# Permutation testing
Null: there is no relationship between location of flares and the CA minority population ('MINORPOP').
Alt: there is a relationship between flare location and the CA minority population.

Statistic: difference in proportion of MINORPOP within a 5km buffer of any flare versus the MINORPOP proportion outside the flares buffer.

1) Calculate the actual test statistic  
2) Randomize the flares location, restricted to only CA  
3) Calculate buffer zones  
4) Overlay the block groups with the new buffers  
5) Calculate the statistics based on the new overlay  
6) Put stats into a new df for storage
7) visualize the stats with a density plot

In [None]:
# randomizing the point geometries

def randomize_flares(points_df, bg_df):
    
    # match crs
    points_df = points_df.to_crs(meters_crs)
    bg_df = bg_df.to_crs(meters_crs)
    
    points_df = points_df.set_geometry('geometry')  # set geometry to the points
    
    # convert geometries to numpy array
    geom_array = np.array(points_df.geometry)

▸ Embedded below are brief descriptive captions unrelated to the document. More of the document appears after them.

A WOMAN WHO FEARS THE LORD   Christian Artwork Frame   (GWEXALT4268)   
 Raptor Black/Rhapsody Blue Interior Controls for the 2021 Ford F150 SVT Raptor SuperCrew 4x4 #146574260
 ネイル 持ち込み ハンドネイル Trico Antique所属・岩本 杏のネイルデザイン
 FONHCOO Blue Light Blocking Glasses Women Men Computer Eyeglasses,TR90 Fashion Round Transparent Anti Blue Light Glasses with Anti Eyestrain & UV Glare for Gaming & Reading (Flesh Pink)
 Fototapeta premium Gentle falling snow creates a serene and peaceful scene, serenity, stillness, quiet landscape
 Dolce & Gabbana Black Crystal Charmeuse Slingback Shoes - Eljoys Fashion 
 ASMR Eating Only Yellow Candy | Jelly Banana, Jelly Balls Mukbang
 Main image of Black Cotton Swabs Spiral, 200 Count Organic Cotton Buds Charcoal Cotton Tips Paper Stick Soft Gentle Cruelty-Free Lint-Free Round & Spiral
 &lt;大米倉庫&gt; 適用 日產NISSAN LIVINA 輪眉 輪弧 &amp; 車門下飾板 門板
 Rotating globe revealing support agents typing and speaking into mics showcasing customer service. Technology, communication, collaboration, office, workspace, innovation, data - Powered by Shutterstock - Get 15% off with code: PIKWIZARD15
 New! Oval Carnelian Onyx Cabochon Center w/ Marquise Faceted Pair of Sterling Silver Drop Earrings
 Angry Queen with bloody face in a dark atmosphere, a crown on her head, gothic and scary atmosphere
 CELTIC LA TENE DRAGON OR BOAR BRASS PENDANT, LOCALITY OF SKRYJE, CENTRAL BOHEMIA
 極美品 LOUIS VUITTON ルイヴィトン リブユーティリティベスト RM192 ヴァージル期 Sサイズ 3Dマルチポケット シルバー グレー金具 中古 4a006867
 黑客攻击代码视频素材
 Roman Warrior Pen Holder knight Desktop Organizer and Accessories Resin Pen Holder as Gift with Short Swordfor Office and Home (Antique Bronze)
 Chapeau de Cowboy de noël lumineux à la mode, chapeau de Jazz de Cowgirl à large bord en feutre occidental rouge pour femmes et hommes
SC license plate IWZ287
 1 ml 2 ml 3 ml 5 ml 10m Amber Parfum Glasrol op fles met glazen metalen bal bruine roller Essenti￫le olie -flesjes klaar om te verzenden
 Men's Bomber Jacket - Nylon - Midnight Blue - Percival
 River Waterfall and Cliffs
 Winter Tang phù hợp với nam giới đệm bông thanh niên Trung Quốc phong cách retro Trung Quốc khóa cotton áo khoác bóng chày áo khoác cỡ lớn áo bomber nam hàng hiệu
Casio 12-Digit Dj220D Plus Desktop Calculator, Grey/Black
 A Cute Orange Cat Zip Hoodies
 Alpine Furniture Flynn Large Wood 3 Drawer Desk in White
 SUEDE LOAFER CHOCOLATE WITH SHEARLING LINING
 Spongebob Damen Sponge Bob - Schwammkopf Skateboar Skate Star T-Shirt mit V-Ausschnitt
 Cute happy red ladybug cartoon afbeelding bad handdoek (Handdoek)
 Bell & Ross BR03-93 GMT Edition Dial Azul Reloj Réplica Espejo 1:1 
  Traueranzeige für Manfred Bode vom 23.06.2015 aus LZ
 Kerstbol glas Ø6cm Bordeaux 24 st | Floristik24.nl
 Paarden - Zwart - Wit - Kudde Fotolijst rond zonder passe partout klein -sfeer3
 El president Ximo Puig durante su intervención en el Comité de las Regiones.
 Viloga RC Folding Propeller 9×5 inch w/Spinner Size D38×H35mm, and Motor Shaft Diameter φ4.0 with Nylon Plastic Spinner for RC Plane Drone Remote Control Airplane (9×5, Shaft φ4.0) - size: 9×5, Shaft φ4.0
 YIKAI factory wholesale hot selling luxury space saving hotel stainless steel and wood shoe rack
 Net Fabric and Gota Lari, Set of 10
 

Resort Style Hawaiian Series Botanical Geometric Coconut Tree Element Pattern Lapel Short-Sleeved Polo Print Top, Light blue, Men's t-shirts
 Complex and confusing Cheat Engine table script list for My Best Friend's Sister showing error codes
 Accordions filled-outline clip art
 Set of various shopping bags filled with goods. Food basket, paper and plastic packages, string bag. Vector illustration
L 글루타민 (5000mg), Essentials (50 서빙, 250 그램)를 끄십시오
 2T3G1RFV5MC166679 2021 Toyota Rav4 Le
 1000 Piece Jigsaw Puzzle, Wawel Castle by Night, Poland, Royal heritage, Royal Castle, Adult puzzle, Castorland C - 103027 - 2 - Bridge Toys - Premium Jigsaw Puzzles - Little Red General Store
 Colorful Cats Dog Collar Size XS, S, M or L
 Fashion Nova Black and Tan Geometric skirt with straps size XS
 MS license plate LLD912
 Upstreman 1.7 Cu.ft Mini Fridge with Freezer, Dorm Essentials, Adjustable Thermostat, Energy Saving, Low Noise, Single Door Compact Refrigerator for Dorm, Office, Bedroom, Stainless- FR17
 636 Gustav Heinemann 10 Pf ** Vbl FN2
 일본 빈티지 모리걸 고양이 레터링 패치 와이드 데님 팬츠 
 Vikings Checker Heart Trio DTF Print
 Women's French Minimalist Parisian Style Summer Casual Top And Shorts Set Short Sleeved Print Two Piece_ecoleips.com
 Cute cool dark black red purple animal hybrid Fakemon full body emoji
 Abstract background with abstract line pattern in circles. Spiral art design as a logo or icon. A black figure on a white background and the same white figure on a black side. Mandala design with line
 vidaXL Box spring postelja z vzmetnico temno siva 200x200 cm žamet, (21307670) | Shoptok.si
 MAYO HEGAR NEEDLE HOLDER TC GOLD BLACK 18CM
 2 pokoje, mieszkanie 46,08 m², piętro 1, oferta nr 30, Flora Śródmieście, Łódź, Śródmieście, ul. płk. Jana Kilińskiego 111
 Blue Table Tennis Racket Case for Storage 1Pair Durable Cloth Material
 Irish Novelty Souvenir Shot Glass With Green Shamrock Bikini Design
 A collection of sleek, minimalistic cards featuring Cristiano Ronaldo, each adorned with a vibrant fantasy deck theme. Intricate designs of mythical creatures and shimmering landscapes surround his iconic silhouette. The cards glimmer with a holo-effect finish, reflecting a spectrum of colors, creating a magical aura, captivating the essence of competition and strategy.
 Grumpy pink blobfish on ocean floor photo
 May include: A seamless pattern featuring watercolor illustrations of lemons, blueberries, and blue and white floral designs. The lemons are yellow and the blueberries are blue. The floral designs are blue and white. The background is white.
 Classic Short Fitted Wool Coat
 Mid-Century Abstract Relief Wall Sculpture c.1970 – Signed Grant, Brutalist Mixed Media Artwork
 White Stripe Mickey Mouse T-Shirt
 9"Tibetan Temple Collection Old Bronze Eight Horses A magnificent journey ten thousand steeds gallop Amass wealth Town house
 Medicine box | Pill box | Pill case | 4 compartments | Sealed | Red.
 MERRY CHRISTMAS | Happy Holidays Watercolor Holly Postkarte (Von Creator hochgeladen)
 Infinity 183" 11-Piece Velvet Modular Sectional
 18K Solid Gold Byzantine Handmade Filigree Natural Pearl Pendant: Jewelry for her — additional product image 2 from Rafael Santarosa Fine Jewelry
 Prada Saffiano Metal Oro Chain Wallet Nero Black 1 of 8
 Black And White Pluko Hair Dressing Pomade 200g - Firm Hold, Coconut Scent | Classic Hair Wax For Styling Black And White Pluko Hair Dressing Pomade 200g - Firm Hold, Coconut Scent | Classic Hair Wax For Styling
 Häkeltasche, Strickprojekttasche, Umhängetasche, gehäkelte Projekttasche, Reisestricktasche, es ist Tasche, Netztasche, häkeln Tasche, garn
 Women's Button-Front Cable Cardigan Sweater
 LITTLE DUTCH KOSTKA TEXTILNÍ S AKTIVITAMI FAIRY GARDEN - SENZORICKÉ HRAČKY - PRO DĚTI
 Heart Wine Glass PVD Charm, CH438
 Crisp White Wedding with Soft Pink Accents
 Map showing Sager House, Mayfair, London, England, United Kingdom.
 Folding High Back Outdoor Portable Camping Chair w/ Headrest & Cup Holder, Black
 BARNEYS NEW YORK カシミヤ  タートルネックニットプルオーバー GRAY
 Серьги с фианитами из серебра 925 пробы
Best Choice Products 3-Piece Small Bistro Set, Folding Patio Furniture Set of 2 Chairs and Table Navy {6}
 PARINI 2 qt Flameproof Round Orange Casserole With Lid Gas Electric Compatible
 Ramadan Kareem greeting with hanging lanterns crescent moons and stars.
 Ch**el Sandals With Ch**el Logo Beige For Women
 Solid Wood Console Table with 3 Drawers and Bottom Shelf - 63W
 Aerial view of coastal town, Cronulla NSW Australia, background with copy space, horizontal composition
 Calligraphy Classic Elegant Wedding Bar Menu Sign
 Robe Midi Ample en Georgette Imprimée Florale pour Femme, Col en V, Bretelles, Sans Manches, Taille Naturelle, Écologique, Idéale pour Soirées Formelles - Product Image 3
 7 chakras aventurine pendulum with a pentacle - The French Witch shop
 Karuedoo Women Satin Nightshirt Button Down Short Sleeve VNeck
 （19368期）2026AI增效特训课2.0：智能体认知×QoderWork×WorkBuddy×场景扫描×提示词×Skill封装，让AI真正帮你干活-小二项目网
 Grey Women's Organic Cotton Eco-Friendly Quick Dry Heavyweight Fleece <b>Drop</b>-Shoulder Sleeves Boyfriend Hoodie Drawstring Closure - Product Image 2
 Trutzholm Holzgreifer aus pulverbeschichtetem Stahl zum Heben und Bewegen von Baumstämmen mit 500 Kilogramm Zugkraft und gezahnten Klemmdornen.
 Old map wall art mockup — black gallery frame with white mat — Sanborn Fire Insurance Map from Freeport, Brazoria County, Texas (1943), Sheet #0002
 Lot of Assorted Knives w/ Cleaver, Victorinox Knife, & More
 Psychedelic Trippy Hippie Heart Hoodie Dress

    # shuffle the array, limiting the random points to the boundary of California
    np.random.shuffle(geom_array)

    # convert the array back to geometry objects
    points_df.geometry = geom_array.tolist()
    
    # set 5km buffers around randomized points
    points_df["buffer_5000m"] = points_df['geometry'].buffer(distance = 5000)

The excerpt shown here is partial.